La semaine passée n’a pas été celle des bonnes nouvelles pour notre économie nationale. On a vécu une semaine au rythme des mauvaises annonces qui confirment la fragilité de la situation de notre économie nationale. En effet, la sortie du cycle baissier que nous avons espéré rapide après un premier trimestre 2017 prometteur, sera plus lente et douloureuse.
La première mauvaise nouvelle est venue de la Banque centrale qui a annoncé le 14 août que nos avoirs en devises ne couvrent plus que 90 jours d’importation et qu’ils se situent aujourd’hui à 11 672 millions de dinars. Notre balance est largement passée en dessous du seuil de sécurité qui se situe à 110 jours d’importations. Cette dégradation de notre position externe s’explique par un creusement de notre balance externe qui s’est établi à 8,6 milliards de dinars pour les sept premiers mois de l’année, soit une baisse de 26% par rapport à son niveau à la même période en 2016. Ce creusement s’explique par une poursuite de la hausse des importations (18,8%) qui n’est pas couverte par les exportations même si elles connaissent une progression notable lors de la même période (15,9%). Une grande partie de ce déficit provient de trois partenaires commerciaux : la Chine (2,3 milliards de dinars), l’Italie (1,1 milliard) et la Turquie (1,01 milliard de dinars). Par ailleurs, une grande partie de ce déficit provient en grande partie de celui de la balance énergétique qui était de 2,1 milliards de dinars et représente 24,6% du déficit total. L’ampleur de ce déficit et son aggravation expliquent les appels à l’usage de la clause de sauvegarde de l’OMC par certains experts afin de réduire les importations de certains pays. Je reviendrai sur cette question dans une prochaine chronique et j’expliquerai que l’usage de cette procédure n’est pas une simple affaire. Mais, les résultats de la balance courante lors du premier semestre sont significatifs de la dégradation continue de nos échanges extérieurs et du risque grandissant qui pèse sur notre économie.
La deuxième mauvaise nouvelle est venue du côté de la croissance avec la publication des résultats pour le second trimestre de l’année par l’Institut national des statistiques avec des chiffres nettement en dessous des attentes. Pourtant, les résultats du premier trimestre ont constitué une bonne nouvelle et nous ont permis d’espérer un retournement du cycle récessif qui dure depuis deux ans. Or, les résultats du second trimestre annoncent l’essoufflement de ce trend. En effet, la croissance se situera autour de 1,8% en glissement annuel par rapport à l’année passée. Mais, surtout il n’a été que 0,1% par rapport au 0,8% du premier trimestre.

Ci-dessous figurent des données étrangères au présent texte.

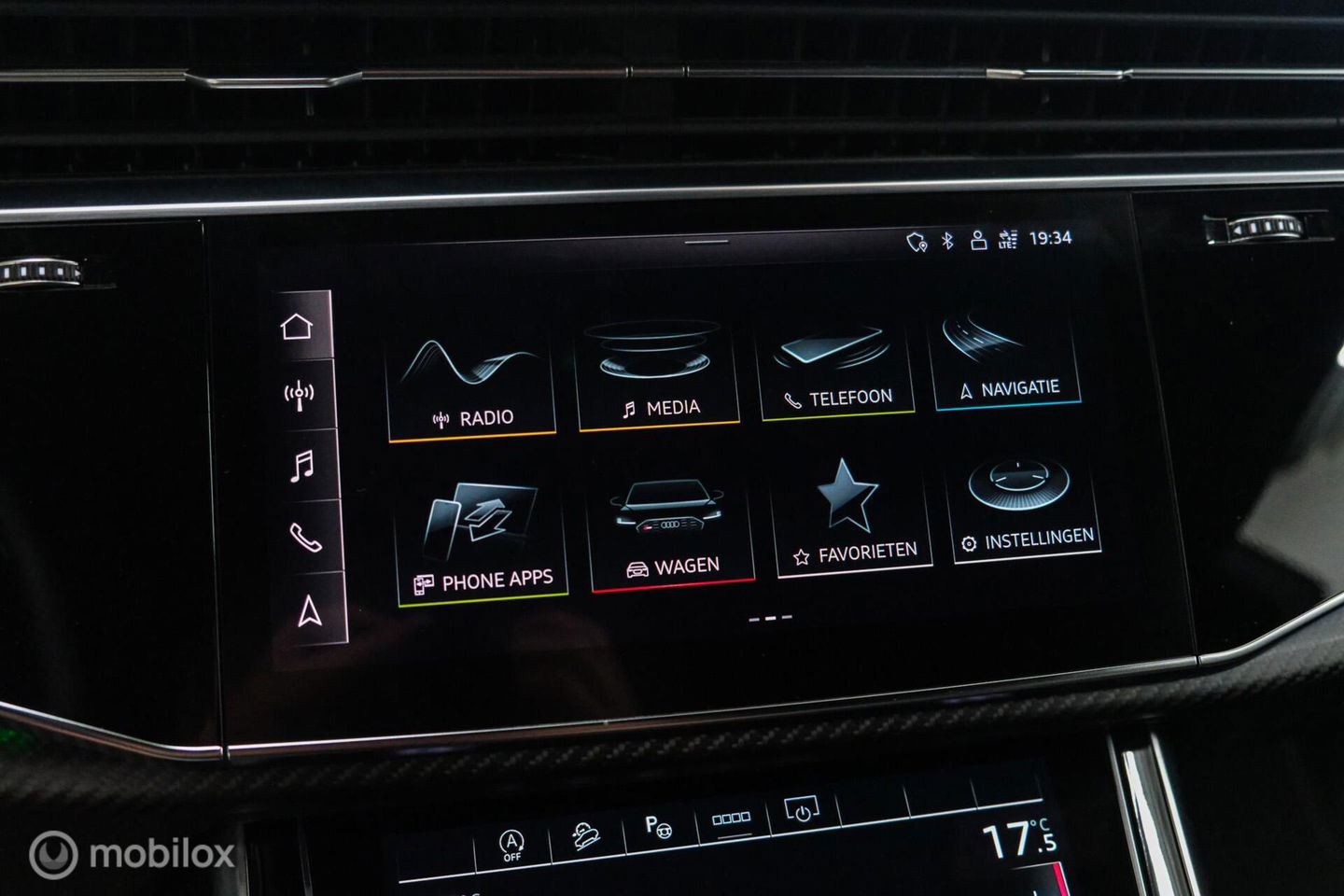 Audi RS Q8 4.0 TFSI RSQ8 quattro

Parallèlement à la croissance globale, il faut indiquer que ce trend est porté par le secteur agricole et surtout nous confirme la panne qui se poursuit dans le secteur manufacturier et industriel qui sont au cœur de notre dynamique économique et de la diversification de notre économie. Mais, ces résultats montrent que notre reprise sera plus longue et plus douloureuse et que le renversement du cycle dépressif sera plus lent.

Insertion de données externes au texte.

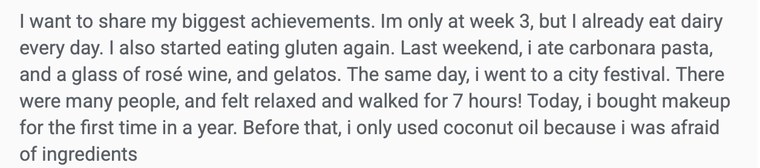 Customer story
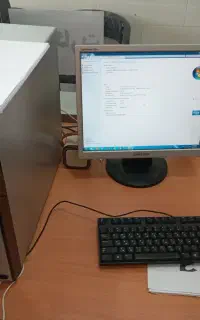 کامپیوتر سالم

De surcroît, comme le dit l’adage, jamais deux sans trois. A ces deux mauvaises nouvelles du début de la semaine s’est rajoutée une troisième à la fin de la semaine passée avec la dégradation de la note de la Tunisie par l’agence Moody’s. Avec cette dégradation, nous franchissons une étape dangereuse et la note de notre pays passe de Ba3 à B1 qui est une note « très spéculative ». Le rapport de l’agence Moody’s évoque plusieurs éléments qui expliquent cette décision dont la dégradation de notre position externe, le déficit public ainsi que le retard dans la mise en œuvre des réformes. Cette décision aura des effets sur notre économie et particulièrement dans notre recours aux marchés internationaux et se traduira par une hausse de la prime de risque exigée par les investisseurs lors de nos prochaines sorties sur les marchés.

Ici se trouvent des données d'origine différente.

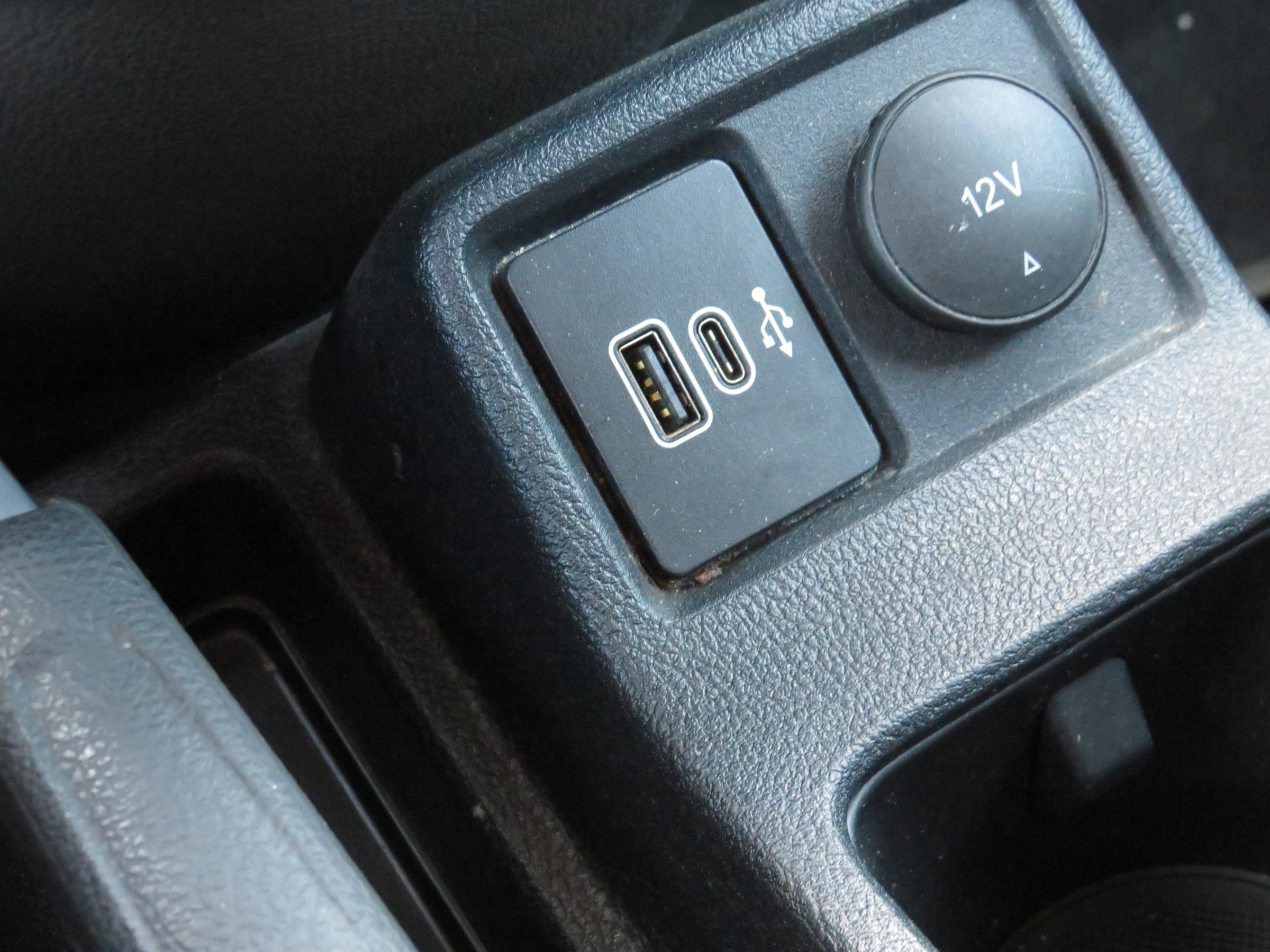 Ford Tourneo Connect, 2022 - pohled č. 21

Ainsi, trois nouvelles importantes en une semaine qui viennent nous rappeler la fragilité de notre situation économique et les dangers qui guettent notre processus de transition économique. Est-ce pour autant que l’horizon est bouché et que nous devons nous résigner devant le pessimisme ambiant ? Nous pensons qu’en dépit de la gravité de la situation nous devons nous atteler à sortir notre pays et notre économie de la crise profonde que nous traversons. Dans cette sortie de crise nous devons apporter des réponses au double manquement qui a caractérisé l’action publique depuis plusieurs mois : celui de la vision et celui de l’action. Nous devons nous doter d’une vision économique claire et audacieuse pour répondre aux trois défis essentiels de notre économie à savoir : la crise des finances publiques, la reprise franche de l’investissement et les réformes économiques. Mais, la vision aussi audacieuse ne nous permettra pas de redresser la situation économique si elle ne s’accompagne pas d’une capacité d’exécution et de mise en œuvre importante.